Jacob Tingen: So, let’s jump to the headline. The headline is AG Barr issues two decisions limiting ways immigrants can fight deportation. Pretty accurate headline. We talked about this the last time we had an Immigration Courts episode. What we talked about then was that the Attorney General can just jump in and pluck out any case that’s currently being heard in the Immigration Court. He has this Certification power that allows him to do that. Sometimes the Board, the Panel of Appellate Immigration Judges can send a case over to the Attorney General, but sometimes he can just jump in and pluck them out.

Jacob Tingen: So, what’s interesting here is the decisions that he chose, these aren’t going to be as controversial as other decisions that have been issues. You know, Matter of AB, we mentioned, was very controversial, essentially just overturned years of precedent. Matter of LEA, again, another attempt to, essentially, overturn well-settled law. Not great, not great looks. People tend to be less sympathetic towards people with criminal convictions, and these two cases have to deal with the impact of a criminal history on an immigrant for removal proceedings.

Jacob Tingen: So, I am also a little more understanding that we would deport people with criminal histories, and that was Obama’s general deportation tactic and strategy.
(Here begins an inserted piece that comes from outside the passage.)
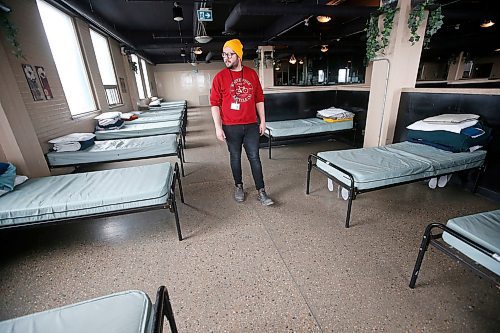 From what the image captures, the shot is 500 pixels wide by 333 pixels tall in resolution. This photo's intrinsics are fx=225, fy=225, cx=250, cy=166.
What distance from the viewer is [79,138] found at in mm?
3197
Well, if they’ve got criminal histories, they’re a priority for removal. If they don’t, they’re not. I think most people can get behind that. But, at the same time, I’ve also learned that there are unique circumstances in many, many people’s lives, many immigrants lives, that would call for compassion and humanity in the decisions we make, especially if they’ve lived her for a long time, and have US citizen family.
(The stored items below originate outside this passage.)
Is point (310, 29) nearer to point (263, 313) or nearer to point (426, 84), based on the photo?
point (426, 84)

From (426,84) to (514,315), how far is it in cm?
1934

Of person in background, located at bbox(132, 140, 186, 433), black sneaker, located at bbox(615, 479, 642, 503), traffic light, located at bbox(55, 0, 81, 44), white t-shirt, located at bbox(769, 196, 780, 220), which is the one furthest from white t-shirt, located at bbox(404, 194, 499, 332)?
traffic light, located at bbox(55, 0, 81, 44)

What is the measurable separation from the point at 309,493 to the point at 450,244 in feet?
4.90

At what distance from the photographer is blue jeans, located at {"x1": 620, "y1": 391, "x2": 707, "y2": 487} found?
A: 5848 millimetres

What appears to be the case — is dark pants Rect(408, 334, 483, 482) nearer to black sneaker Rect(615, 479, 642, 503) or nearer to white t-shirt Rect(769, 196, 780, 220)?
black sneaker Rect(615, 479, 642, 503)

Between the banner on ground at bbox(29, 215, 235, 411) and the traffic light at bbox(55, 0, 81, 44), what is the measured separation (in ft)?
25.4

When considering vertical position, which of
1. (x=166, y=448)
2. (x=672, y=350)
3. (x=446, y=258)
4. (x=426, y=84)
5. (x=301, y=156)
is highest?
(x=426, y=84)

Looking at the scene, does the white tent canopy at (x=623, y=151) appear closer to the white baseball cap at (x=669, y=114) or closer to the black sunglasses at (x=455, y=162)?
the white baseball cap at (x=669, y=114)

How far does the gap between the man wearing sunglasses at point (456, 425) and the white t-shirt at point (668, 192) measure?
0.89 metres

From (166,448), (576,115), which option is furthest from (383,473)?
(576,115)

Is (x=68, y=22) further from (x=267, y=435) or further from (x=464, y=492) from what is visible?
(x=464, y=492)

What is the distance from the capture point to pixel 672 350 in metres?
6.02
Jacob Tingen: So, this is an opportunity to talk about a form of relief from deportation called Cancellation of Removal, because it will be relevant here, in the conversation we’re about to have. So, Cancellation of Removal is a kind of relief that’s available to people who have been physically present in the United States for a period of 10 years or more, continuously. Haven’t been convicted of certain criminal offenses, and also if they establish that their removal from the country would cause extreme, exceptional hardship to their spouse, parent, or children, who are US citizens. Okay, this is a wonderful, humanitarian form of relief. It’s a redemptive form of relief, I’m a fan.

Jacob Tingen: Then, there’s this additional requirement in here, which is the crux of the matter in the case that we’re looking at today, which is that not only do you have to have been present continuously in the US for 10 years, not only do you have to have a tie to the United States, such as a US citizen spouse or child, but you also have to have been a person of good moral character for that 10 year period.
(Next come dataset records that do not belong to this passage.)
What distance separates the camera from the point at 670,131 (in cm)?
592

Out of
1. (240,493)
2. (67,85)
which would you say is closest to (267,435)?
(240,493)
Jacob Tingen: Now, what’s interesting is that, very frequently, we’ll have clients get pulled over because a broken taillight, and then they get a ticket for driving unlicensed. In Virginia, if you get too many of those, they’ll give you jail time, and then immigration picks you up. For those, their criminal history is not an issue, and they’re good moral character is also not an issue.

Jacob Tingen: Then, we also have people who get into a little bit more criminal trouble. So, we’ve got people who’ve got DUIs, or multiple DUIs. So, then, it is a discretionary form of relief, it’s kind of up to the judge at that point. So, you have to start asking questions like, does this person actually have good moral character, yes or no? DUIs, even multiple DUIs, have never been a bar to good moral character, and they are not currently a bar to good moral character.

Jacob Tingen: The only thing that the opinion here does, in matter of [inaudible 00:05:53], is the Attorney General opinion issued by Bill Barr. The only thing that it does, is that it says that there’s a rebuttable presumption that if you’ve got multiple DUIs, you don’t have good moral character. That means that when you present your case in removal proceedings, you would need to rebut that presumption. You would need to present evidence, demonstrating that you are a person of good moral character.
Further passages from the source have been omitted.